Data records:
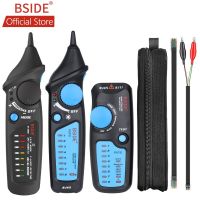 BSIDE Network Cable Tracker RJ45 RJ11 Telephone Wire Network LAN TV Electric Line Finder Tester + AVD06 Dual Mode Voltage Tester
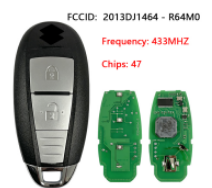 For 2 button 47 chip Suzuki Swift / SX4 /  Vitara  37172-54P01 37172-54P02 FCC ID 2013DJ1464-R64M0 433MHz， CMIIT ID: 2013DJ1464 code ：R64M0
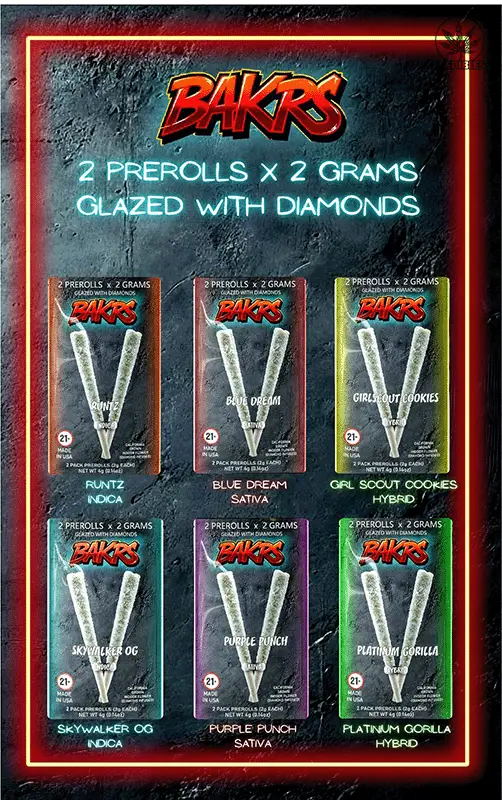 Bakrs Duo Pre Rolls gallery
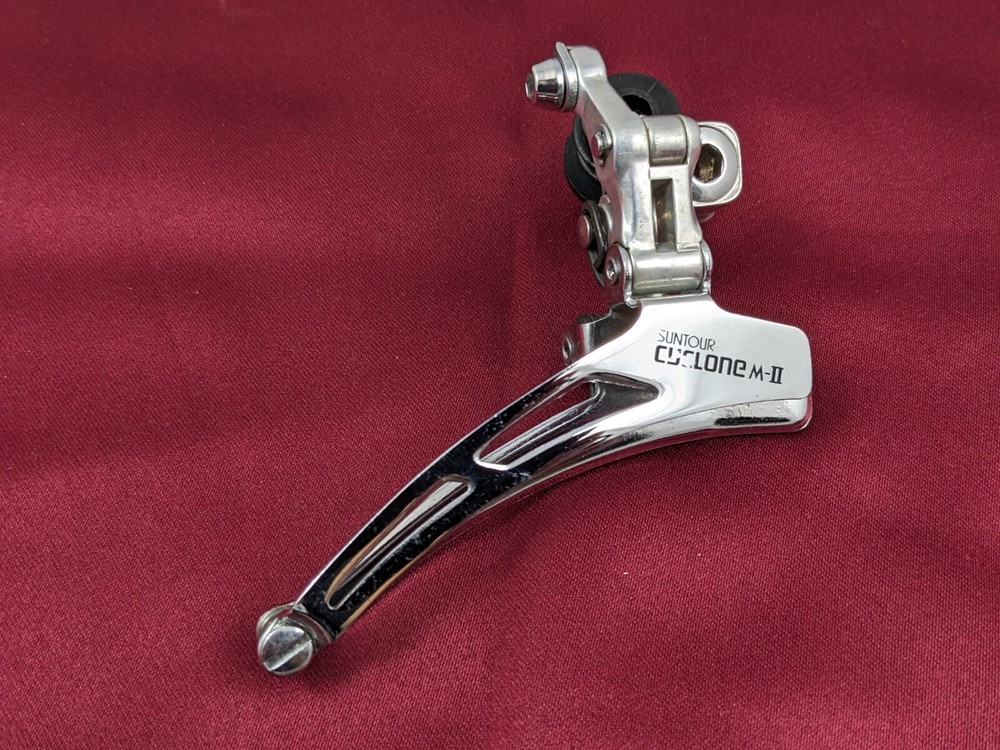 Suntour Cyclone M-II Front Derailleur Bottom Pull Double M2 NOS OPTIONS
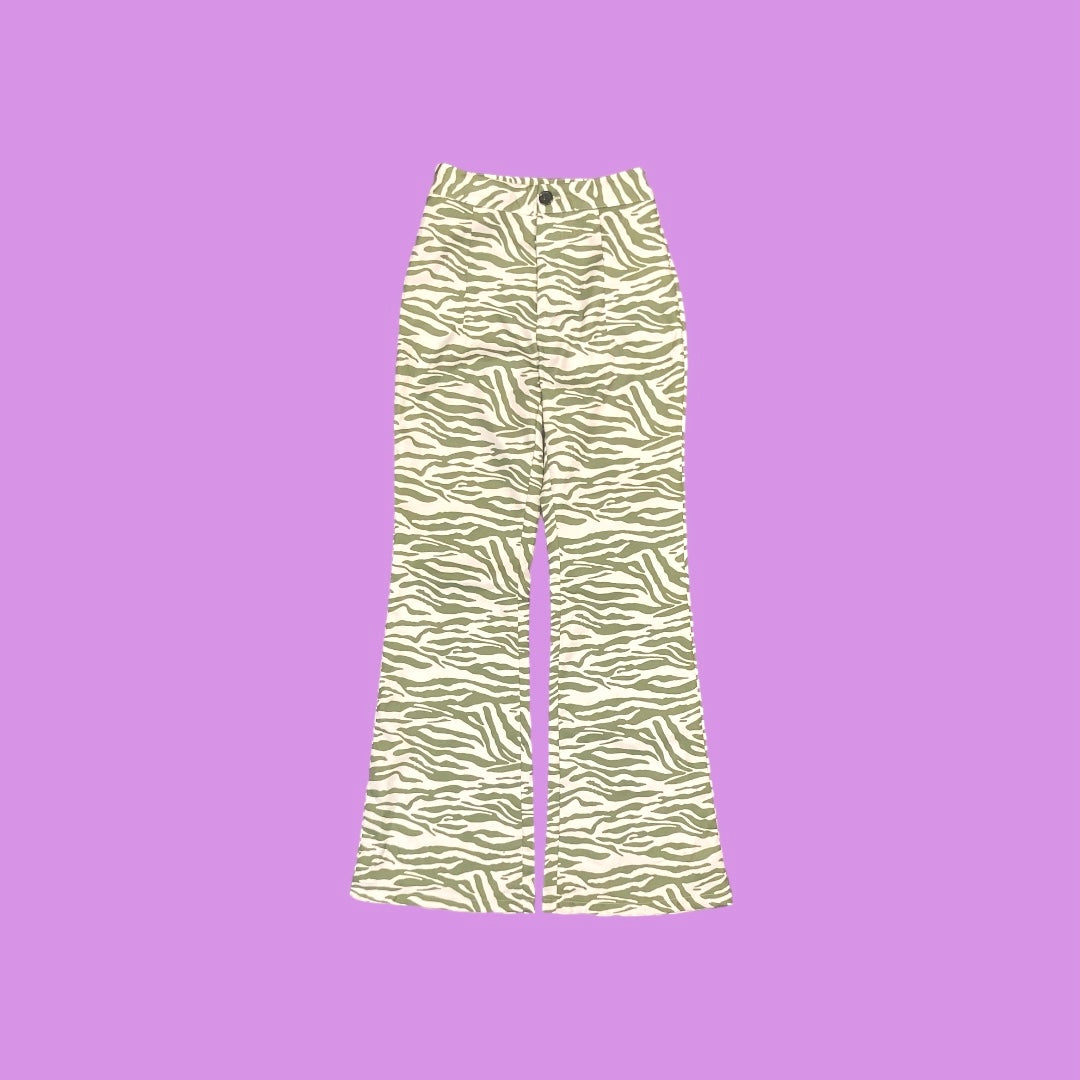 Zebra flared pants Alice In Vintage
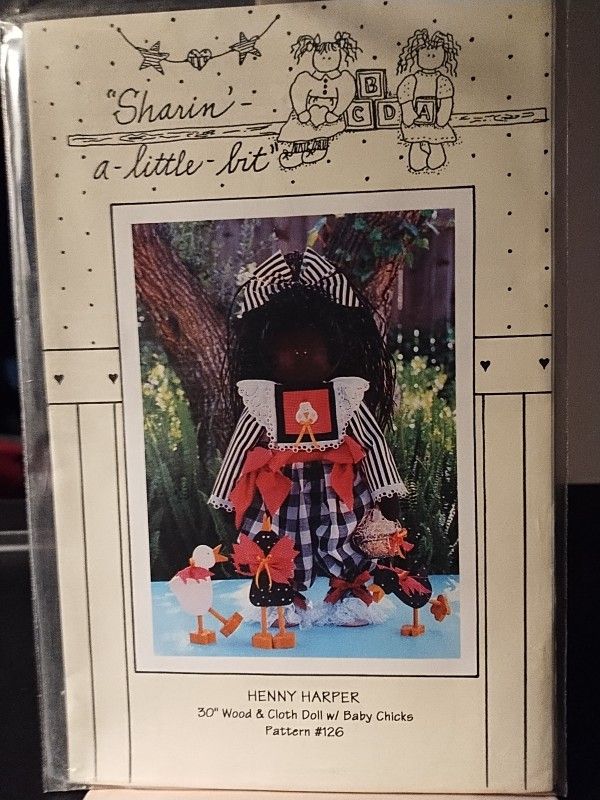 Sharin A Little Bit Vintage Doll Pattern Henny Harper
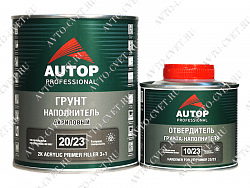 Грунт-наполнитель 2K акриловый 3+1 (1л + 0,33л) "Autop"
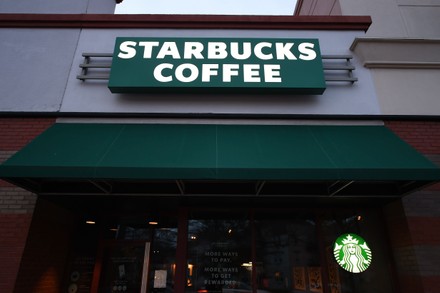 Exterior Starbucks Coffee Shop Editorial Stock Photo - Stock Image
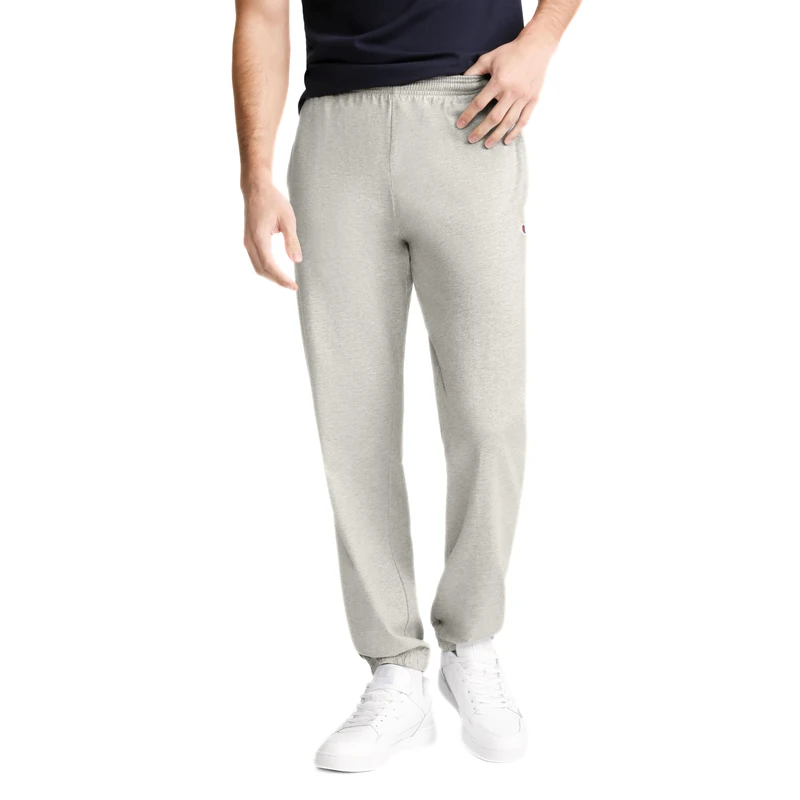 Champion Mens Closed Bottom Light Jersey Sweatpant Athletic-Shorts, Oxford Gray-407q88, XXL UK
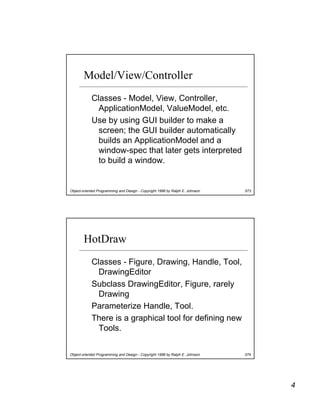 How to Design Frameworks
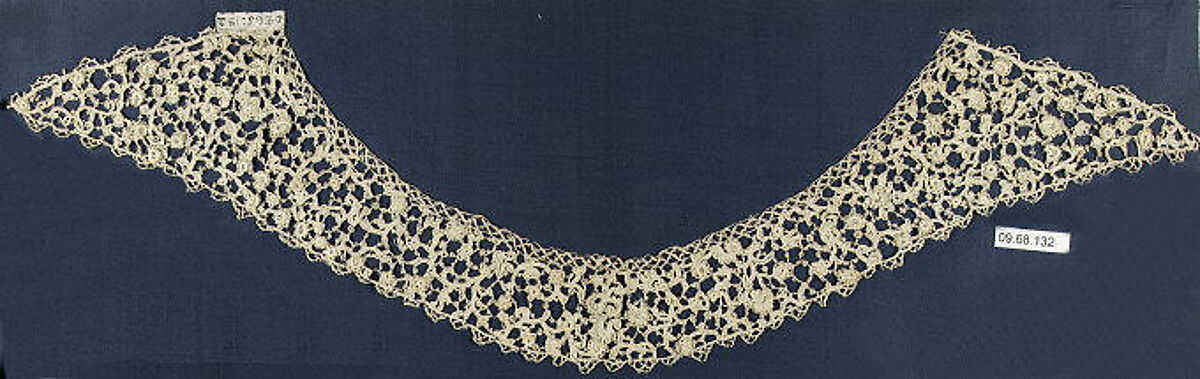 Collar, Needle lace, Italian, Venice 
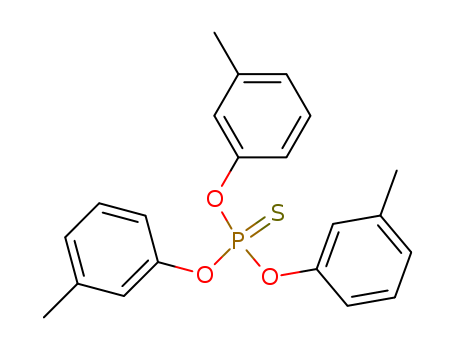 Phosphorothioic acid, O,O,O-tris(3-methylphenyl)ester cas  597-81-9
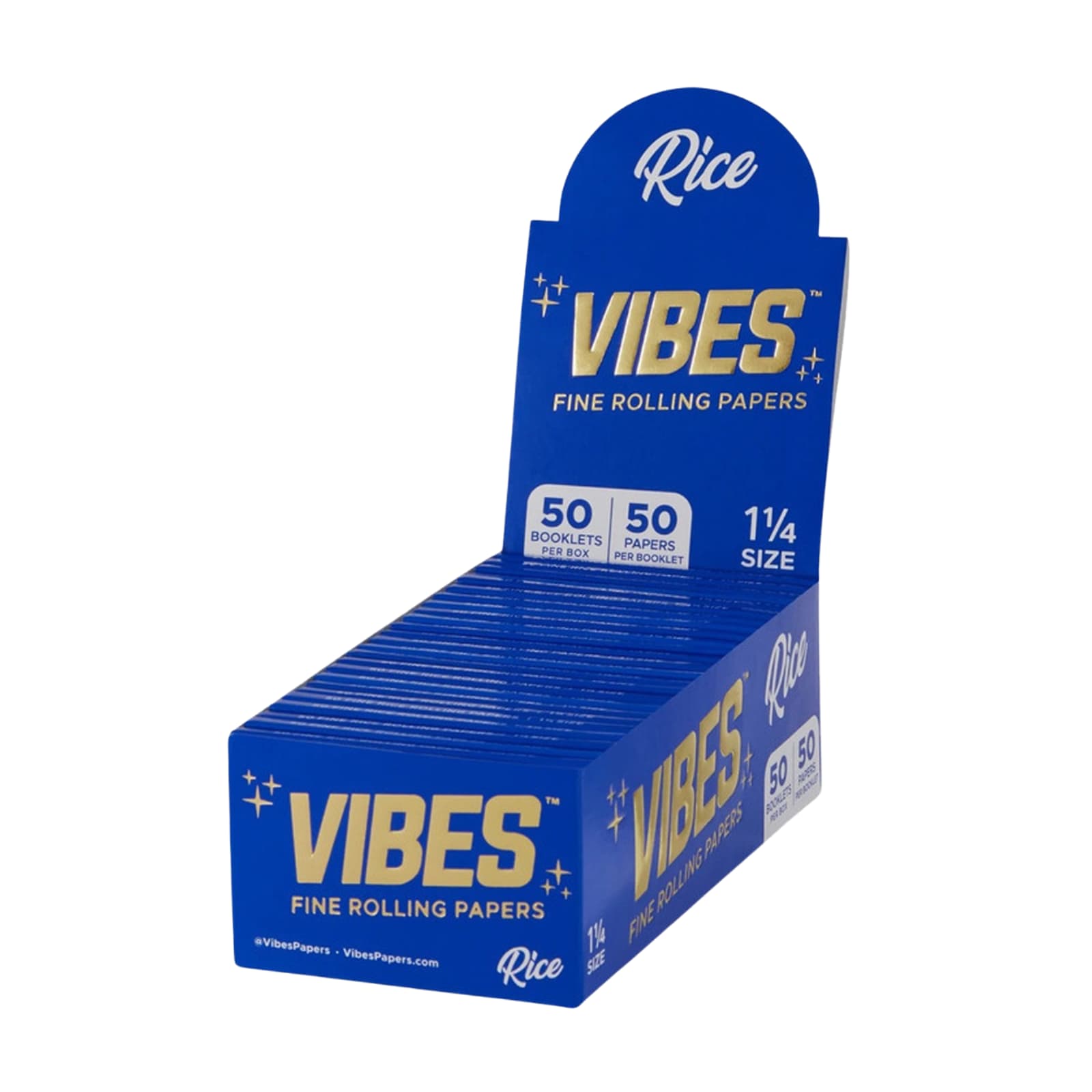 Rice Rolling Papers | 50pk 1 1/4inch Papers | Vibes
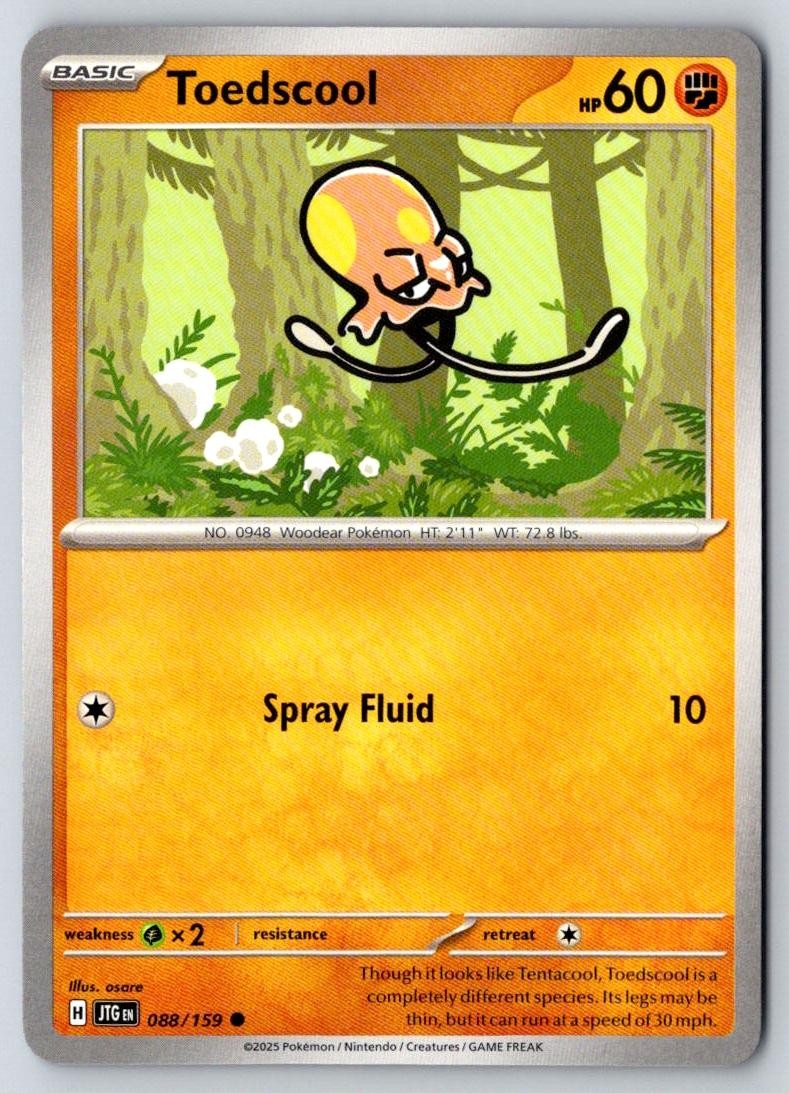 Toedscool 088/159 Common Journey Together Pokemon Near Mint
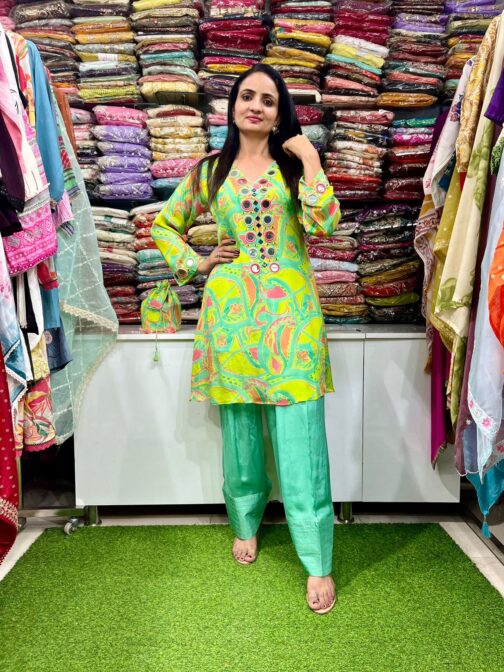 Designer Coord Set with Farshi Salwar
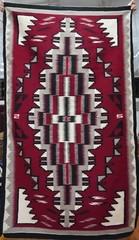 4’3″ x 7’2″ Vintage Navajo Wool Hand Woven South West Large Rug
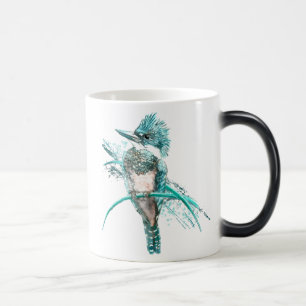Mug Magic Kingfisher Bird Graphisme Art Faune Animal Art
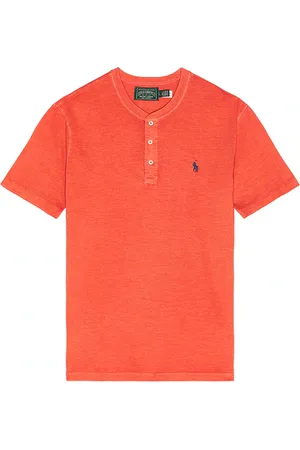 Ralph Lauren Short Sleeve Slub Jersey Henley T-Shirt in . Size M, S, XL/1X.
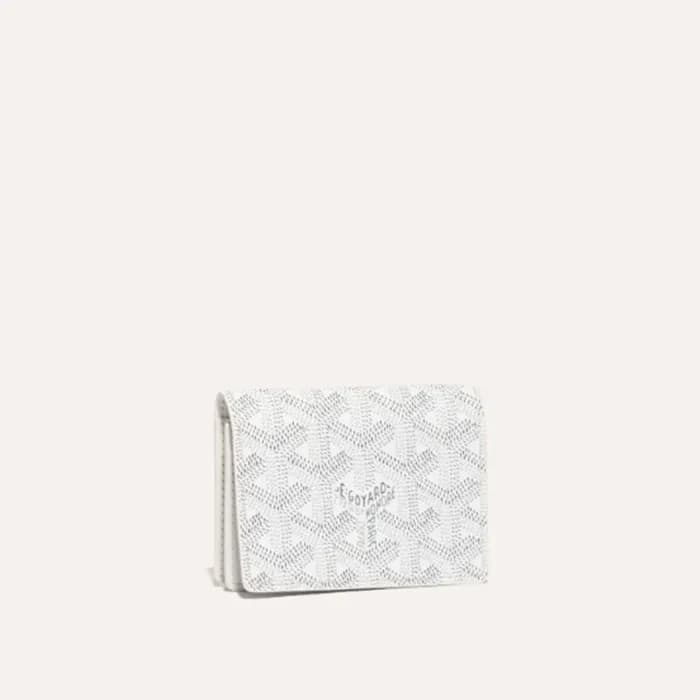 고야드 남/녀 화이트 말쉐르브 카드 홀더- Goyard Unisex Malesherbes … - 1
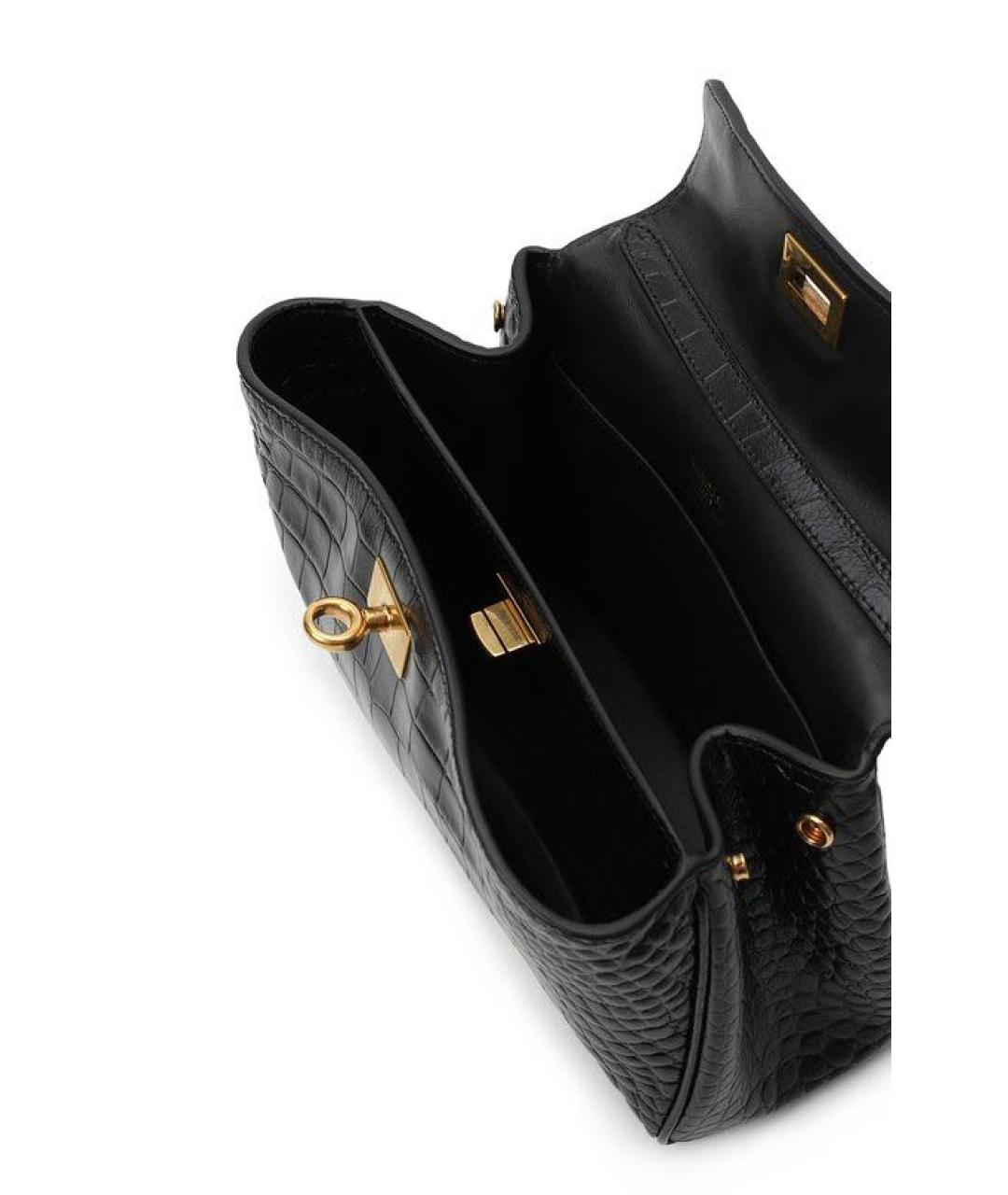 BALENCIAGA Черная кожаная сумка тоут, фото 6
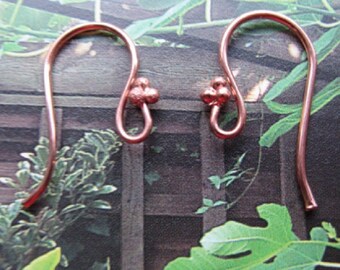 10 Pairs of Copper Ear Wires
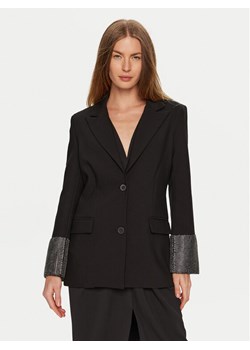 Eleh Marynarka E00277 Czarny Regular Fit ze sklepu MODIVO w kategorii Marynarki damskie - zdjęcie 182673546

Exercise directions: Every line above should be copied exactly; do not carry over the pictures.

Task result:
 BSIDE Network Cable Tracker RJ45 RJ11 Telephone Wire Network LAN TV Electric Line Finder Tester + AVD06 Dual Mode Voltage Tester
 For 2 button 47 chip Suzuki Swift / SX4 /  Vitara  37172-54P01 37172-54P02 FCC ID 2013DJ1464-R64M0 433MHz， CMIIT ID: 2013DJ1464 code ：R64M0
 Bakrs Duo Pre Rolls gallery
 Suntour Cyclone M-II Front Derailleur Bottom Pull Double M2 NOS OPTIONS
 Zebra flared pants Alice In Vintage
 Sharin A Little Bit Vintage Doll Pattern Henny Harper
 Грунт-наполнитель 2K акриловый 3+1 (1л + 0,33л) "Autop"
 Exterior Starbucks Coffee Shop Editorial Stock Photo - Stock Image
 Champion Mens Closed Bottom Light Jersey Sweatpant Athletic-Shorts, Oxford Gray-407q88, XXL UK
 How to Design Frameworks
 Collar, Needle lace, Italian, Venice 
 Phosphorothioic acid, O,O,O-tris(3-methylphenyl)ester cas  597-81-9
 Rice Rolling Papers | 50pk 1 1/4inch Papers | Vibes
 Toedscool 088/159 Common Journey Together Pokemon Near Mint
 Designer Coord Set with Farshi Salwar
 4’3″ x 7’2″ Vintage Navajo Wool Hand Woven South West Large Rug
Mug Magic Kingfisher Bird Graphisme Art Faune Animal Art
 Ralph Lauren Short Sleeve Slub Jersey Henley T-Shirt in . Size M, S, XL/1X.
 고야드 남/녀 화이트 말쉐르브 카드 홀더- Goyard Unisex Malesherbes … - 1
 BALENCIAGA Черная кожаная сумка тоут, фото 6
 10 Pairs of Copper Ear Wires
 Eleh Marynarka E00277 Czarny Regular Fit ze sklepu MODIVO w kategorii Marynarki damskie - zdjęcie 182673546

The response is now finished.